The initial purpose of the malware seems to be sharing execution load among infected
host machines. However, due to the lack of the original Lua scripts and the extensive
functionality of the embedded Lua engine the original intentions of the attackers remain
unknown.
#### 2.1 MALWARE ANTI-ANALYSIS
Suspect #4 is written in C++, and just like its dropper, it is not protected by any runtime
packer or crypter. It is, however, compiled with a performance optimization option which
causes a lot of code in-lining and duplicate code in the binary. Duplication also applies to
string constants, as every string is present once per function, if the given function uses it.
This might accelerate execution speed of the bot at runtime, but implicitly or even on
purpose hinders static analysis of the binary code. Cross referencing of strings or helper
functions is ineffective due to the duplications.

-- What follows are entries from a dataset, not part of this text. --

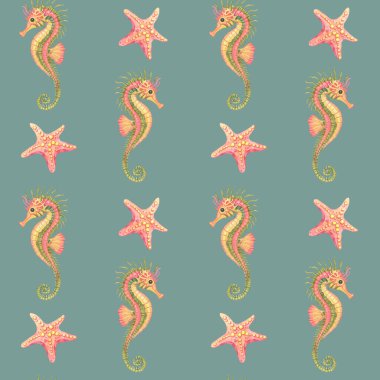 Sessiz mercan denizyıldızı ve yosunlu yeşil denizatları bu suluboya klipsiz desende deniz mavisi arkaplanı üzerinde tekrar ediyorlar. Okyanus temalı kıyafetler, havlular ve plaj malzemeleri için harika..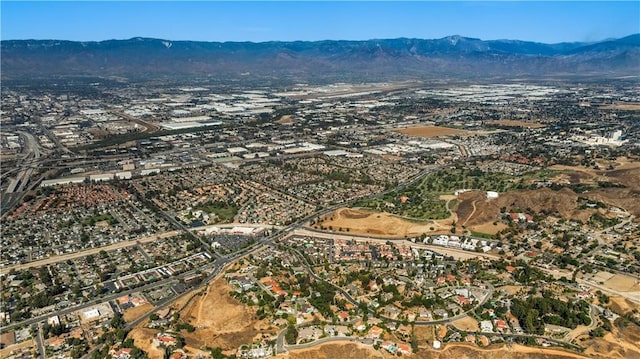 drone / aerial view with a mountain view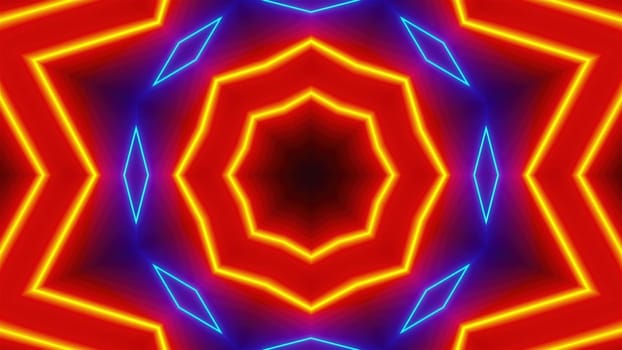 Abstract neon kaleida. Computer generated 3d render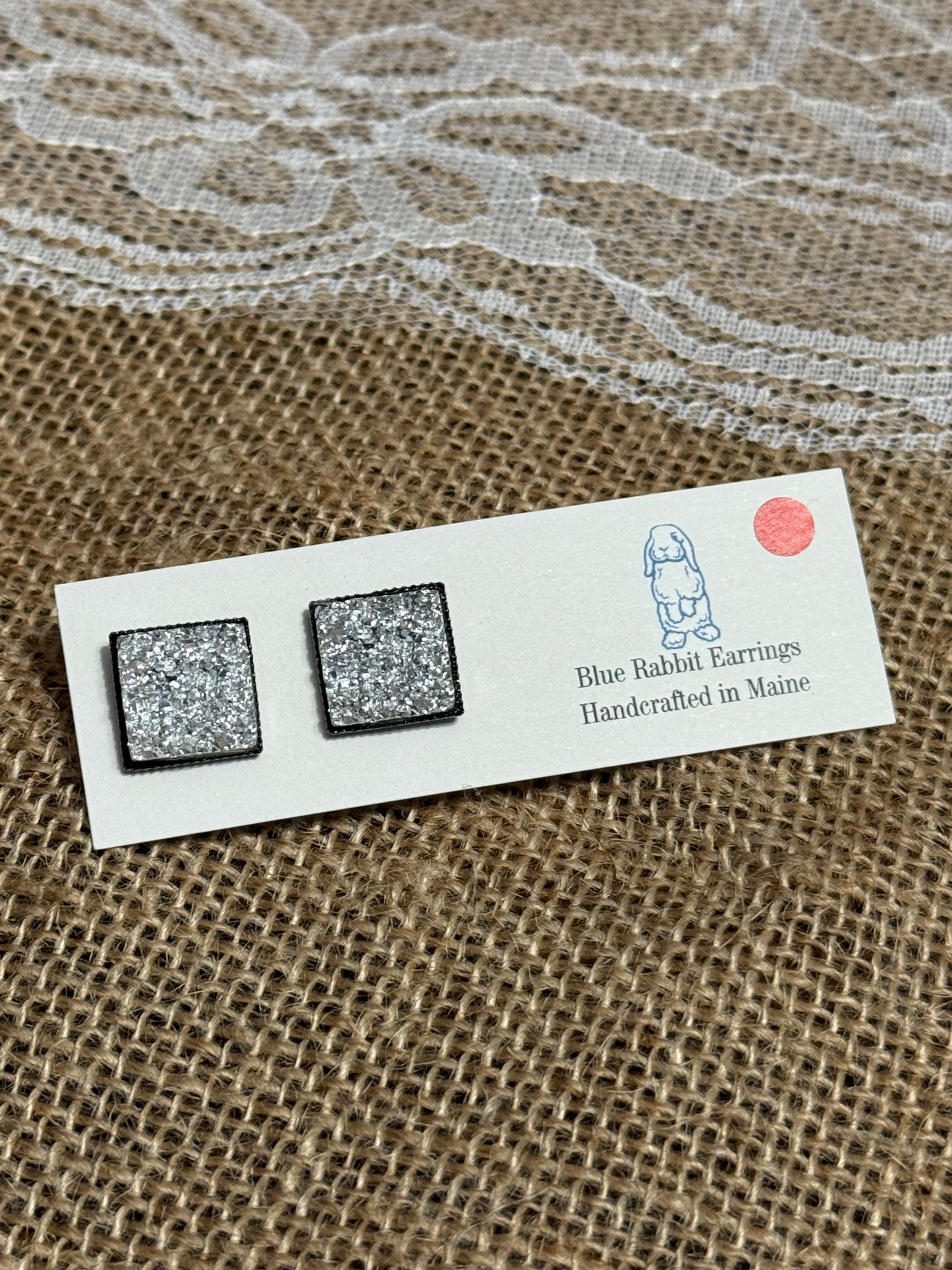 Square Silver Druzy Studs
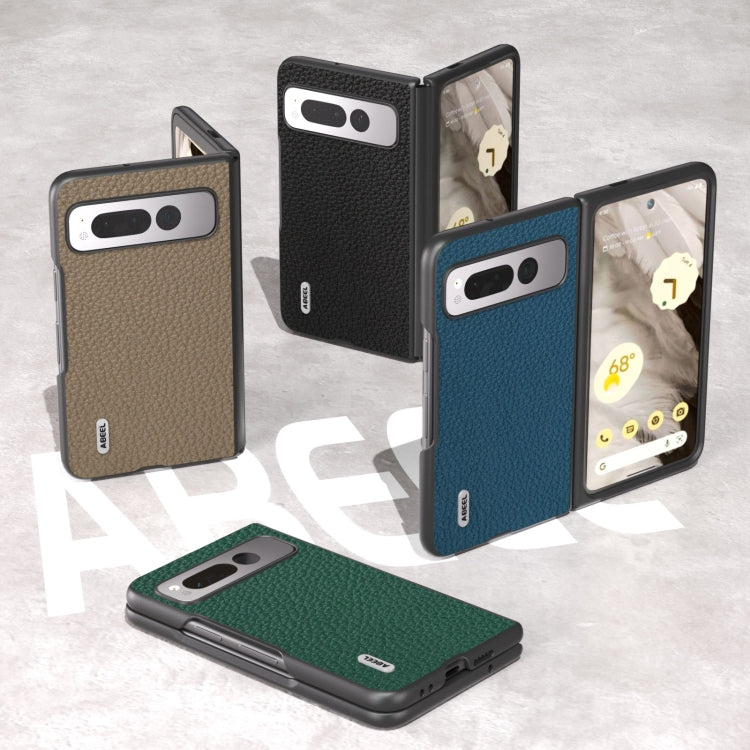 For Google Pixel Fold ABEEL Genuine Leather Litchi Texture Phone Case(Grey) by buy2fix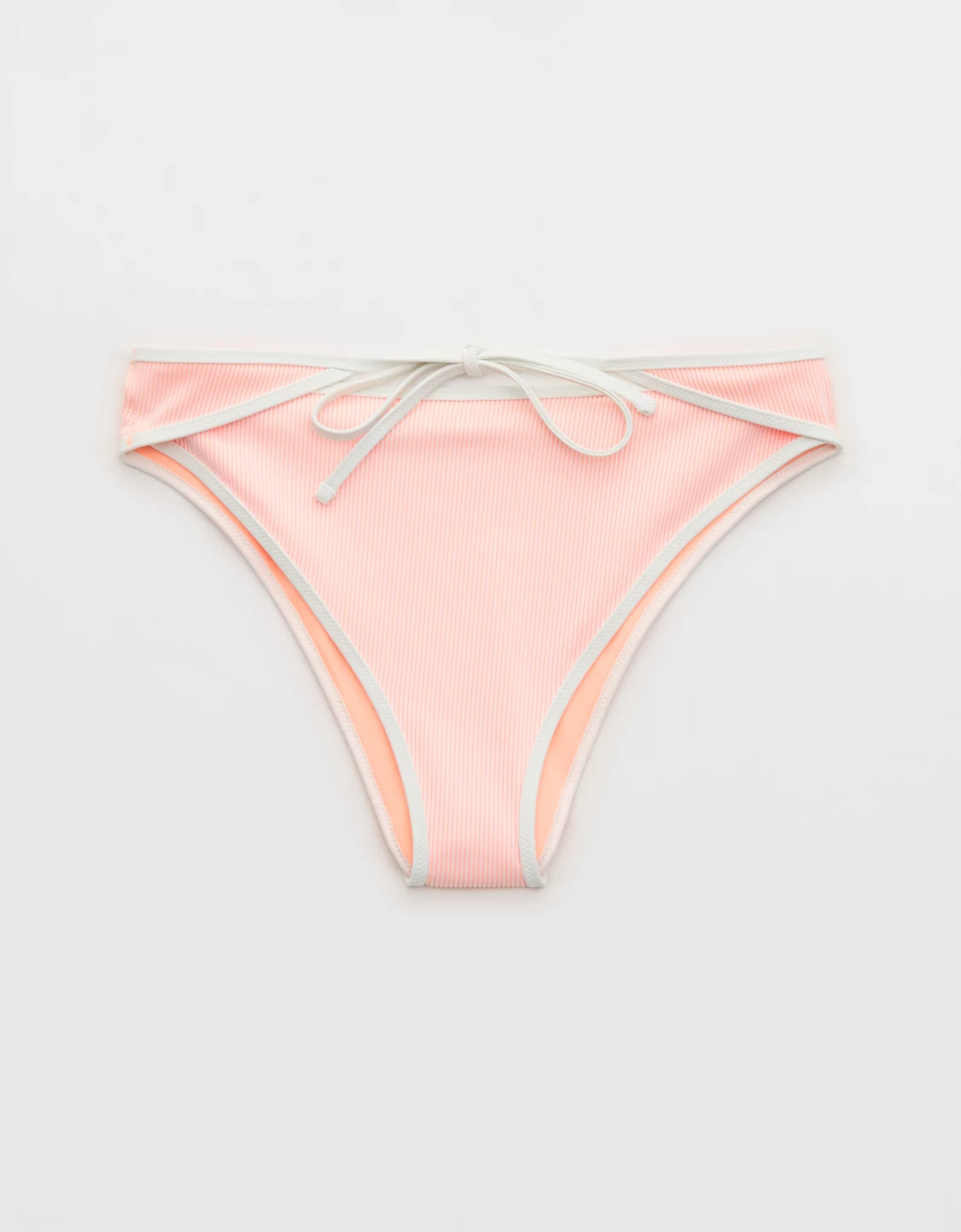 Aerie Ribbed High Cut Mid Rise Cheeky Bikini Bottom | Aerie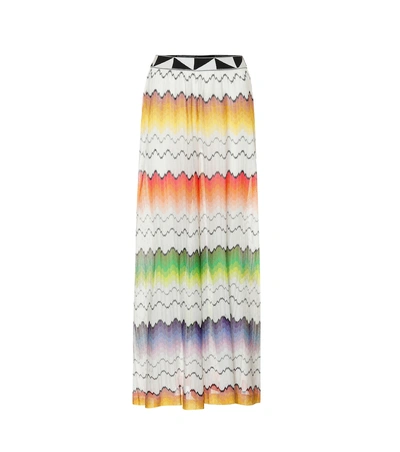 Shop Missoni Crochet Knit Wide-leg Pants In Multicoloured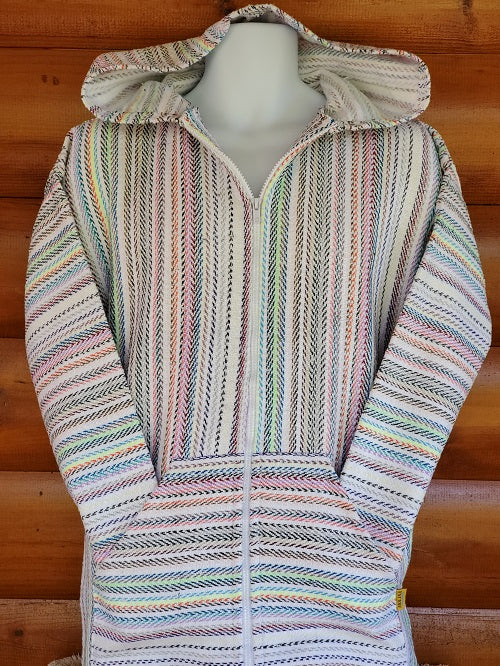 White Multi Baja Hoodie - Bonfire Baja Hoodies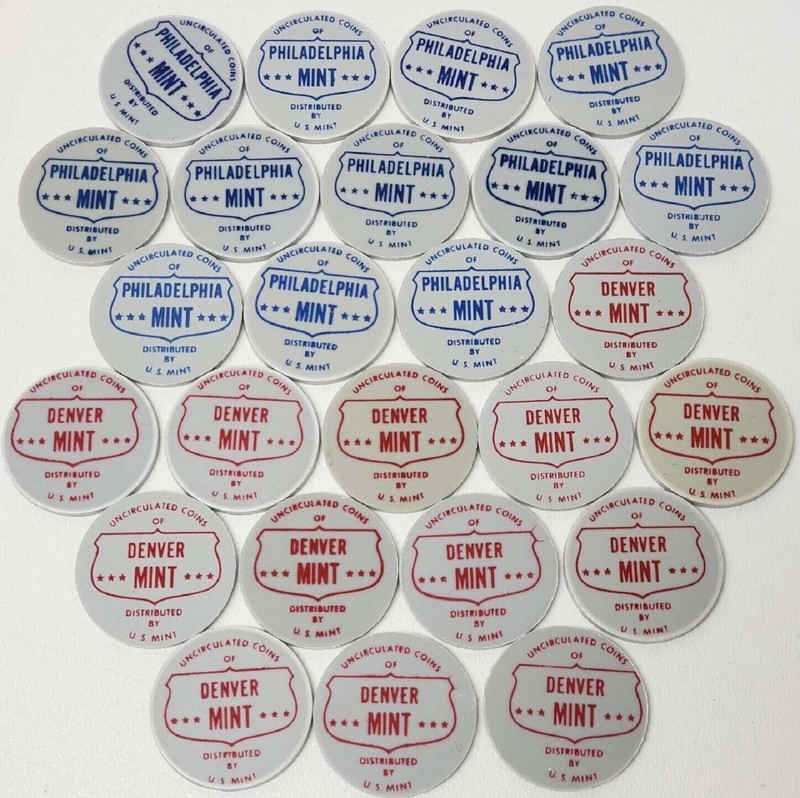 2 ROLLS of U.S. Mint Quarter Size Token Like .25 c Coins = 40 Coin LOT NR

Only few anti-analysis measures can be found in the binary. One function exists, which
resembles the sandbox check of its dropper with minor extensions. This sandbox detection
consists of three parts:
- The module path name should be more than 5 characters long and contain either
'msapps\' or 'Perf Manager\', which is the case if the sample was legitimately
dropped by its dropper.
- The module file name should not contain either of the following strings: 'klavme',
'myapp', 'TESTAPP' or 'afyjevmv.exe'.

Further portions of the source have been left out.